I think they didn't really get it right, but I still liked it. And the director kinda fumbled the action scenes. Felt like she hadn't done them before. Beautiful setting, but they didn't crack like they should. The shootings should be sudden and brutal, and not that drawn out. No fist fighting. The setting and logistics were confusing to me.
what didn't work:
-The idea that the two main rivals at the same time would face off and fight each other hand to hand. Come on. That was like some childhood playtime shyt. That's straight out of like playing James Bond on the 64 with your boys.
-The way Lizzie died was just weird. I get the set up and the guilt, and her hearing, but it just felt off.
-They retrieved the bag of notebooks from the river? At night? How would that work? Even the implausibility of finding it, unless it was like a waterproof bag, the product would be ruined.
Adopting the kid is way too cute for my tastes. That was ridiculous. I know it all requires some suspension of disbelief, but they kinda sank under that weight for me.
What I liked:
is the production value, the acting, the themes, the attention to detail, when it's more realistic, and grounded. I still really like it overall, but the episode felt like the worst moments of Tokyo Vice.

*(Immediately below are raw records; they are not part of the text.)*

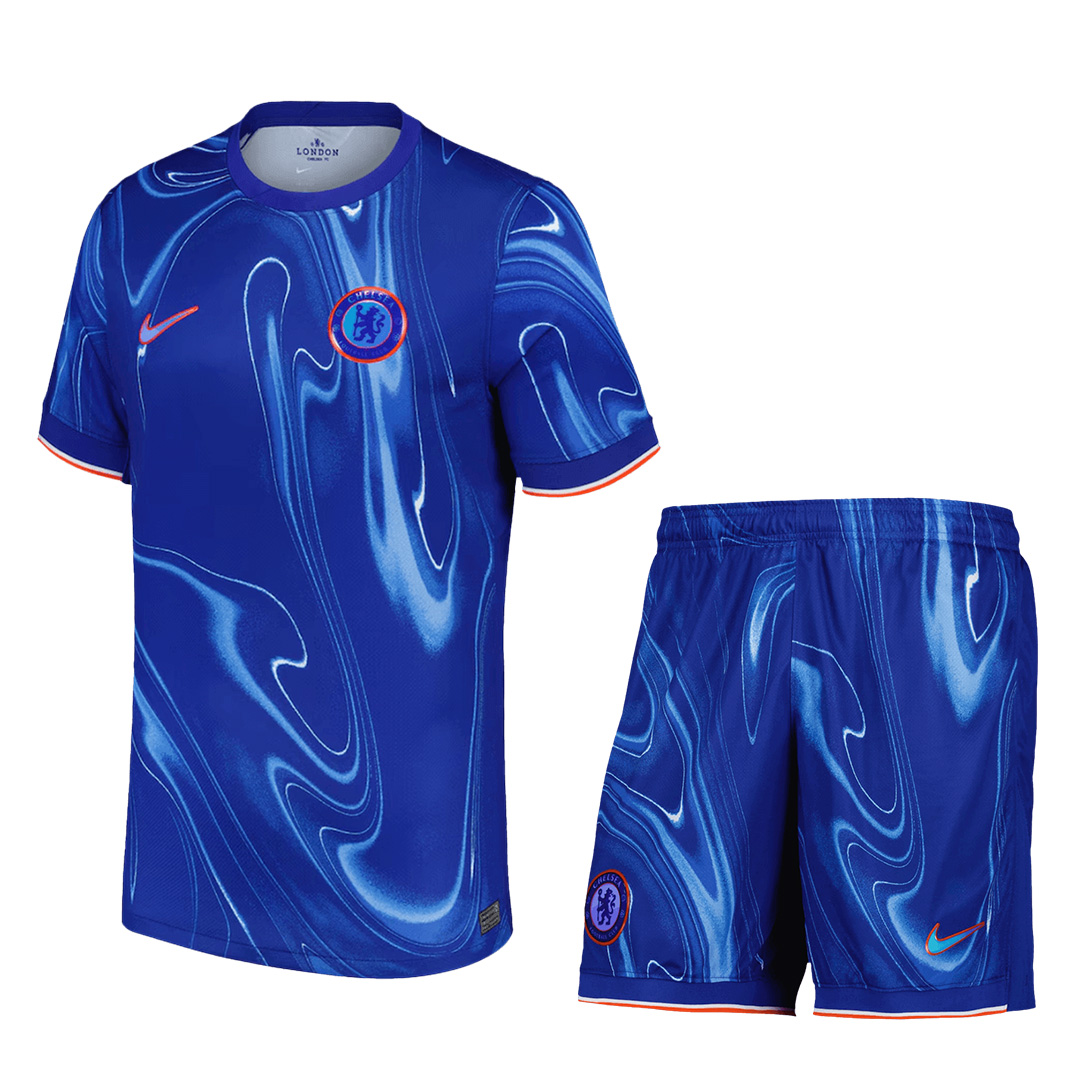 [Super Replica] Chelsea Home Jersey Kit 2024/25 - minejerseys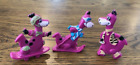 Assorted Lot Of 20 Vintage 1980s 1990s Cereal Premiums Rubber Toy Figures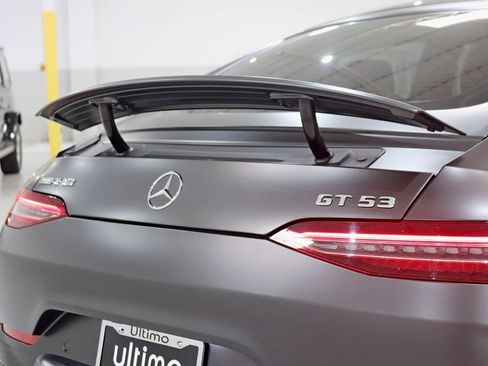 Used 2024 Mercedes-Benz AMG GT 53 image 12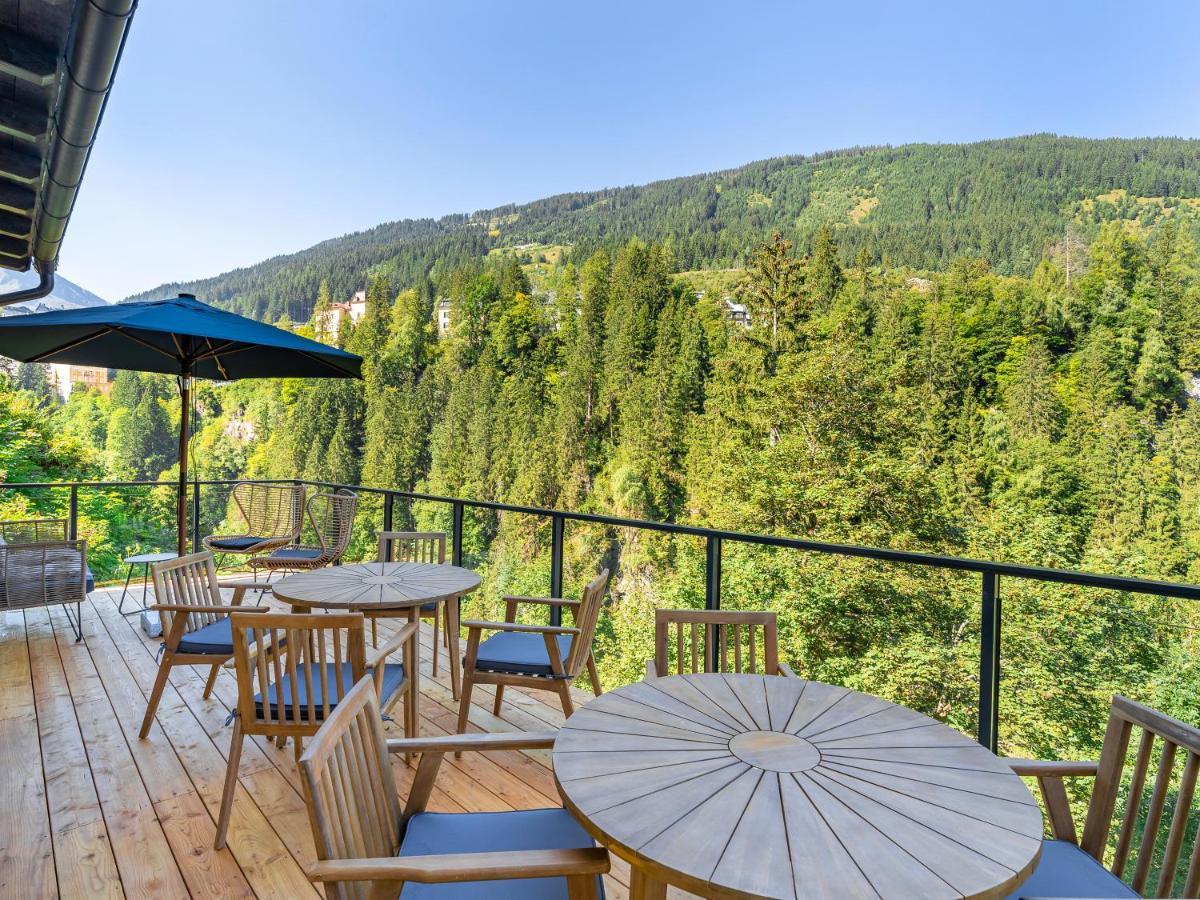 Das Schider - Boutique Apart-Hotel Bad Gastein Exterior foto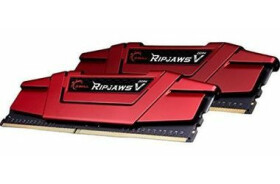 G.Skill Ripjaws V Red Series 16GB (KIT 2x 8GB) / 2133MHz / DDR4 / 15-15-15-35 / 1.2V (F4-2133C15D-16GVR)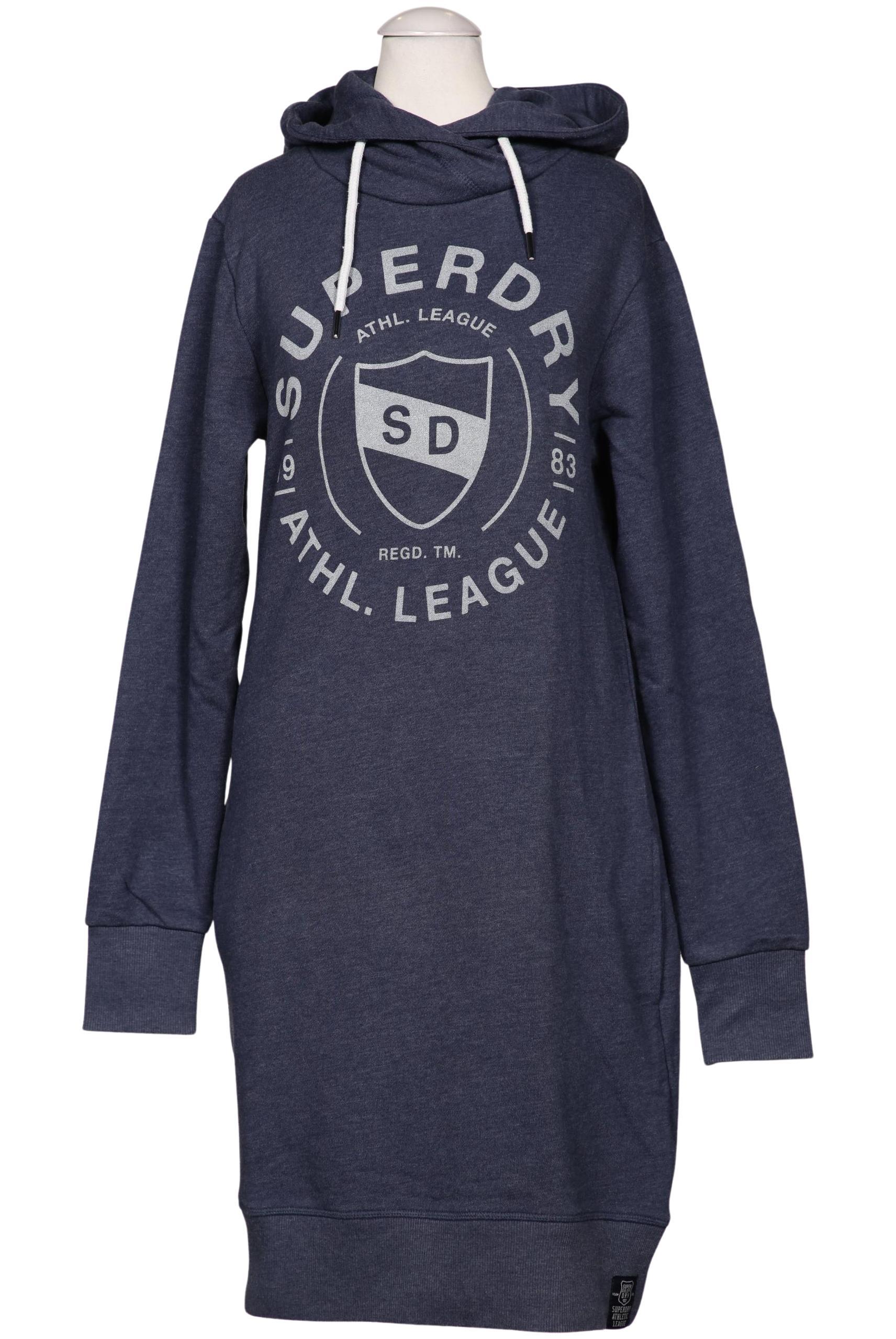 

Superdry Damen Kleid, marineblau, Gr. 36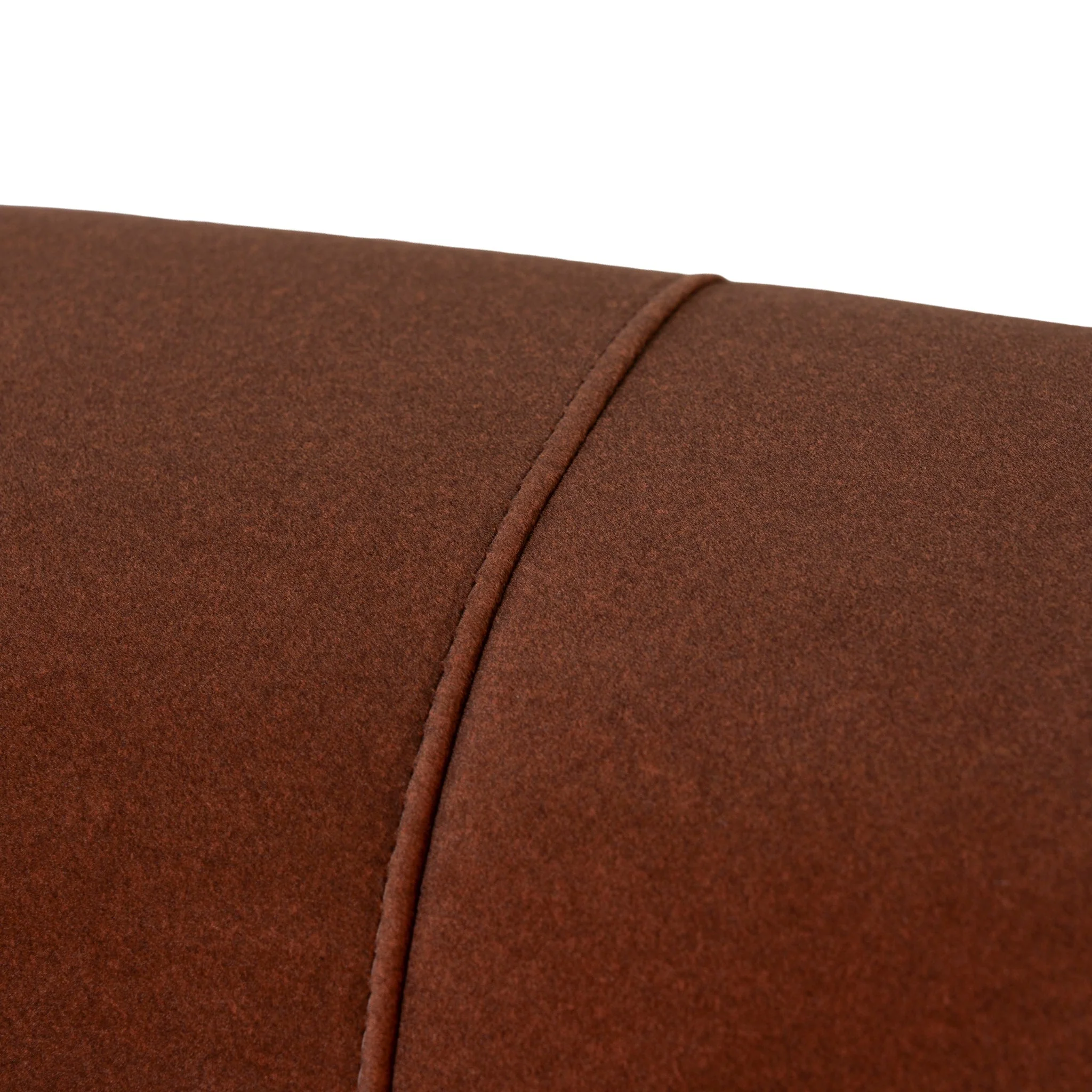 CLC10849-FS Modular Right Chaise Sofa - Burnt Brown - Image 14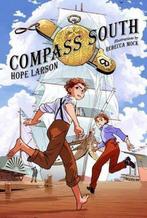 Compass South 9781250121844 Hope Larson, Verzenden, Hope Larson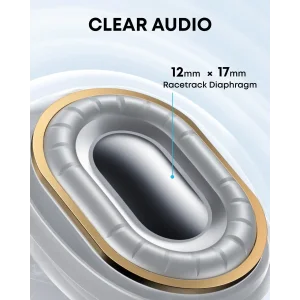 Навушники Anker SoundCore C40i Clear (A3331G01) UA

Even sometimes how they held the guns, or fired them, just didn't seem right. It felt like Sons of Anarchy, which was a dope show for a few seasons, but a long way from the taut, realistic tension of Episode 1. Seems like the show really went away from being grounded, to being somewhat too melodramatic, soapy. It didn't seem the same show, as when they were hitting the stash houses and pistol whipping people. That violence had the punch to it, the weight.